Pinning Demerit Badge on Chief Boy Scout

    JOHANNESBURG, South Africa — Robert Baden-Powell, the British war hero who founded the Scouting movement, coined the popular motto "Be Prepared." But even the world's No. 1 Scout could not have anticipated the multimillion-dollar dispute now tainting his legacy in the country where he made his claim to fame.

    Traditional leaders in Mafikeng, a dusty provincial capital about 175 miles west of here, have filed a $5.9-million petition with the British government. The Barolong-Boora-Tshidi Tribal Authority is seeking compensation for promises it says then-Col. Baden-Powell never kept when enlisting blacks to fight alongside the British in the Boer War nearly 100 years ago.

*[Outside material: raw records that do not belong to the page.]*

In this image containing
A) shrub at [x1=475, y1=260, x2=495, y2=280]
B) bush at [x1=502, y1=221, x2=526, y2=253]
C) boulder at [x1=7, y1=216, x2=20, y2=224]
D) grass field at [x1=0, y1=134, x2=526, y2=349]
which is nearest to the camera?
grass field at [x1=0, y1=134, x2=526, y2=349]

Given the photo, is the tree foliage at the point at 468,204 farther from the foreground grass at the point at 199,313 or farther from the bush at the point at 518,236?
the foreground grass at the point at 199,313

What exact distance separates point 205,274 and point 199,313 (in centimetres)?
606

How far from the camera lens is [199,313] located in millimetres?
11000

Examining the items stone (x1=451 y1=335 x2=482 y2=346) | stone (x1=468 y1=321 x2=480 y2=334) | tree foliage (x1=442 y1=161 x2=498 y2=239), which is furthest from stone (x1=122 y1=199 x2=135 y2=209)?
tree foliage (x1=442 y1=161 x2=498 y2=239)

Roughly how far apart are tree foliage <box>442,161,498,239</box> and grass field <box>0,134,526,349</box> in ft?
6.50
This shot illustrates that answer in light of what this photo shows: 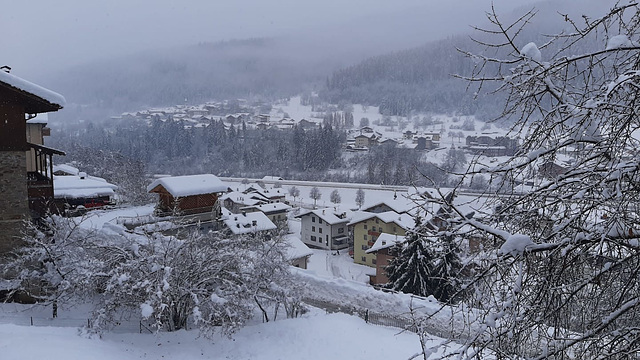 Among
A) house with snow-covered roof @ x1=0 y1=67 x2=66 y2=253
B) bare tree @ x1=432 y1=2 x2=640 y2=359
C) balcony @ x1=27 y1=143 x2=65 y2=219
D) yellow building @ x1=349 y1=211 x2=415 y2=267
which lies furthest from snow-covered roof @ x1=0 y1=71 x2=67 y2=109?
yellow building @ x1=349 y1=211 x2=415 y2=267

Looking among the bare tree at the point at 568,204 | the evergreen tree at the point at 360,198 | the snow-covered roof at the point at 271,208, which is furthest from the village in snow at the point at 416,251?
the evergreen tree at the point at 360,198

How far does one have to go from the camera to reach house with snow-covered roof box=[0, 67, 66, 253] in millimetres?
11438

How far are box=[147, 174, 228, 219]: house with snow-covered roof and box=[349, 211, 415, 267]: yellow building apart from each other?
49.1ft

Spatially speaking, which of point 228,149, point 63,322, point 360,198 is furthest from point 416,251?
point 228,149

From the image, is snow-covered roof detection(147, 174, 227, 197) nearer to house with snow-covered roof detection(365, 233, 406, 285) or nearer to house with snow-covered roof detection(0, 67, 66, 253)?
house with snow-covered roof detection(0, 67, 66, 253)

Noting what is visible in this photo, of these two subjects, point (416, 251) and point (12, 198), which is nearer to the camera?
point (12, 198)

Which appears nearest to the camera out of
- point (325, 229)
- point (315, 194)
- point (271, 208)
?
point (325, 229)

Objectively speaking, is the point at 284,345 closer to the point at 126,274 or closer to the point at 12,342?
the point at 126,274

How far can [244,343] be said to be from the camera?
12.4 m

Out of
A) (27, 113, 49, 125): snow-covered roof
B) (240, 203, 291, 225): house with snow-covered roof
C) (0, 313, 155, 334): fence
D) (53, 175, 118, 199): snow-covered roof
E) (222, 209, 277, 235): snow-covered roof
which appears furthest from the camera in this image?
(240, 203, 291, 225): house with snow-covered roof

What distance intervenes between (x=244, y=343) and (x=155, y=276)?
2.91m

    It was the so-called Siege of Mafikeng that launched Baden-Powell's military celebrity and helped shape his ideas for Scouting. For 217 days, the outnumbered British successfully defended the frontier town at the start of a bloody struggle between English-speaking and Afrikaans-speaking whites for control of South Africa's vast mineral riches.

    But the Barolong leaders say Baden-Powell's victory came at a steep price for blacks in the "native stadt," as Mafikeng's adjoining black settlement was known. About 600 Barolong soldiers recruited by the British were deprived of their wages and payment for rations. Untold numbers of cattle--the main currency in rural Africa--were confiscated for the war effort. To add insult to injury, the leaders say, Baden-Powell reneged on a British pledge to return ancestral lands in nearby Polfontein in exchange for Barolong cooperation against the Boers.

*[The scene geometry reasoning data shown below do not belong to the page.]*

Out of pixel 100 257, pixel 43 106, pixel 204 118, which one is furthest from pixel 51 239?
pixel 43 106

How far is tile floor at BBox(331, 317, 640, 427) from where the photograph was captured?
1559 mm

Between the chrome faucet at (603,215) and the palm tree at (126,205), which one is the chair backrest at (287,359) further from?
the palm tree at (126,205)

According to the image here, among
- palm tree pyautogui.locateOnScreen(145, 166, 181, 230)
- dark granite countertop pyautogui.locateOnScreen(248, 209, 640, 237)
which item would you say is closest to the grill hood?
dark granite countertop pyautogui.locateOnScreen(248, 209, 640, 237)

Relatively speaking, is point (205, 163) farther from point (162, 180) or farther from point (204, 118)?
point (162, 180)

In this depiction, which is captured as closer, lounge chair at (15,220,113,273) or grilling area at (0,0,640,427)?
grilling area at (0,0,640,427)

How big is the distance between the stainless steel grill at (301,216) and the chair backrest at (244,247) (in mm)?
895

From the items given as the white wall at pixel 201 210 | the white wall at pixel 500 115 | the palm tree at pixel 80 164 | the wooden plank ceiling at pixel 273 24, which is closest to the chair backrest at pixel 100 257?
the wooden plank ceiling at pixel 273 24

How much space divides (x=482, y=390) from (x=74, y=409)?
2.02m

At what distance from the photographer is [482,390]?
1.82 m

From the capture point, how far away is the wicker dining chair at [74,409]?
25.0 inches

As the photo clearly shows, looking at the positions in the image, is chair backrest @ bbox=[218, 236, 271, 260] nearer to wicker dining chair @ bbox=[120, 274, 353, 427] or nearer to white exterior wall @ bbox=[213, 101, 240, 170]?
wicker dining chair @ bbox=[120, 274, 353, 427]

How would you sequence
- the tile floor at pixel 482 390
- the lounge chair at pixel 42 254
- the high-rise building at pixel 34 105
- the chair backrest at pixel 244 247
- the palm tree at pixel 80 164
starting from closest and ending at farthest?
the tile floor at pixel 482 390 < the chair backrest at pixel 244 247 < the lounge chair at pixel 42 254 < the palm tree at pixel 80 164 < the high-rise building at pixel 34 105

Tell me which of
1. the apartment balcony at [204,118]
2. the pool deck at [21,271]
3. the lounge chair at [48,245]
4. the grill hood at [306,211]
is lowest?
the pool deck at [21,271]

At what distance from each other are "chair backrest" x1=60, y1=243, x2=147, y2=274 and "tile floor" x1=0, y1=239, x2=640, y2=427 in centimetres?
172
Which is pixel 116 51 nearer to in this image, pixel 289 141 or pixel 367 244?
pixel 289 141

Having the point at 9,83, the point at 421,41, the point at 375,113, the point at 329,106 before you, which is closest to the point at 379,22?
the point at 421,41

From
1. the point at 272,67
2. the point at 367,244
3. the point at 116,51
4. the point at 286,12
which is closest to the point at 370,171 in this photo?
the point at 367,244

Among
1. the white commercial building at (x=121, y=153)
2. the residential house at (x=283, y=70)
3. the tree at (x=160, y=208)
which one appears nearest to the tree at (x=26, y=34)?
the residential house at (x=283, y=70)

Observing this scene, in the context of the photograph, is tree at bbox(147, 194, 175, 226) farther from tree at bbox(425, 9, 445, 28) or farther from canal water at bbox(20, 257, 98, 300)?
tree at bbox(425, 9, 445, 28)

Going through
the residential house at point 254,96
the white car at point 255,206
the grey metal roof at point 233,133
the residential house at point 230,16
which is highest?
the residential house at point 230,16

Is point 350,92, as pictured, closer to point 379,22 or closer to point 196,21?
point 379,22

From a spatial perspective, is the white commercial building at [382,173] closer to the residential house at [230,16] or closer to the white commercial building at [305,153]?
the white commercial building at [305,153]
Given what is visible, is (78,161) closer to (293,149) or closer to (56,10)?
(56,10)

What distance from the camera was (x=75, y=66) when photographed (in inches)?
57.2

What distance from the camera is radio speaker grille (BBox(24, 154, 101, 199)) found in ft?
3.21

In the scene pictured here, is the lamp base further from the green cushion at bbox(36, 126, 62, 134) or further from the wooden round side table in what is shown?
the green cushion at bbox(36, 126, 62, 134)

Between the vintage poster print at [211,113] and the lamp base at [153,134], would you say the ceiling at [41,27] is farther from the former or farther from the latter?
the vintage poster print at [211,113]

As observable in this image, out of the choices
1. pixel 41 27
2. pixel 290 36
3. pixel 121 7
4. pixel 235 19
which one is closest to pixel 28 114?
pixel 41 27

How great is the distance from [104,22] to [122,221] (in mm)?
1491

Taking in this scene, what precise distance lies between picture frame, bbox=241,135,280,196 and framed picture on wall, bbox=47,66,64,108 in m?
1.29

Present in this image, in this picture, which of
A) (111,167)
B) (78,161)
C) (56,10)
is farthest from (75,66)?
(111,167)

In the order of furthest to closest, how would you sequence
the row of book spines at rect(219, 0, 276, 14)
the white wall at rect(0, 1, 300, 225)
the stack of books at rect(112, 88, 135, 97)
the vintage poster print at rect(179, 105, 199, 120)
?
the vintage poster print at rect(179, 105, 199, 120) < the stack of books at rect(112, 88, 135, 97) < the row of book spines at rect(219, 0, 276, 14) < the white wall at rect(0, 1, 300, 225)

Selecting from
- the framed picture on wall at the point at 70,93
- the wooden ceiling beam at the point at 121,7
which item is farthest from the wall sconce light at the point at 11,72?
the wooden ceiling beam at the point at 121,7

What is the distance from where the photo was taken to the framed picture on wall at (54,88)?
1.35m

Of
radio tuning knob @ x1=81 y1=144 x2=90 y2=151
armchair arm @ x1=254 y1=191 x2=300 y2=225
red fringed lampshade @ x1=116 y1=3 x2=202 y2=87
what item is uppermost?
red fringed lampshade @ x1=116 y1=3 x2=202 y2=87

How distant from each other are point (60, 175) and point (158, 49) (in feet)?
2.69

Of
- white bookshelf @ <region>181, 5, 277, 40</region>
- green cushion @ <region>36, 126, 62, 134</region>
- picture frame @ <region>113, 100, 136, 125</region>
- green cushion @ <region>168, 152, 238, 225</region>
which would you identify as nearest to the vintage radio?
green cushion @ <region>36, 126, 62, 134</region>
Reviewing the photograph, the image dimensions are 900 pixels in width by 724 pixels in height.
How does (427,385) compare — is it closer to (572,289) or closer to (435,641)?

    And perhaps worst of all, hundreds of blacks were condemned to death when the besieged town ran low on food and Baden-Powell, ensuring that sufficient supplies were available for whites, ordered them to leave or starve, the Barolong allege.

    "This has been simmering for a long time, but because of apartheid we had no freedom to pursue it," said Stanlake Kukama, a Barolong leader who recalls his grandparents complaining about what they saw as Baden-Powell's betrayal. "This isn't something that we have just come up with. It is nothing but the truth that happened 100 years ago."

    The current round of Baden-Powell reappraisals is inspired by the approaching centennial of the war. South Africa is awash with fresh accounts of the period, many of which highlight the largely unrecognized role of black combatants, whose contributions were played down or denied by both sides for many years.